**What you have to do:**
Print, exactly and completely, the data that appears below.

**The data:**
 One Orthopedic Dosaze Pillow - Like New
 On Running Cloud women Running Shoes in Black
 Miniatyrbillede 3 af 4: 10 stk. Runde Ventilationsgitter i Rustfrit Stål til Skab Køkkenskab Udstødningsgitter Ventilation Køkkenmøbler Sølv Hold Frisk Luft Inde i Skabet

**Answer to the exercise:**
 One Orthopedic Dosaze Pillow - Like New
 On Running Cloud women Running Shoes in Black
 Miniatyrbillede 3 af 4: 10 stk. Runde Ventilationsgitter i Rustfrit Stål til Skab Køkkenskab Udstødningsgitter Ventilation Køkkenmøbler Sølv Hold Frisk Luft Inde i Skabet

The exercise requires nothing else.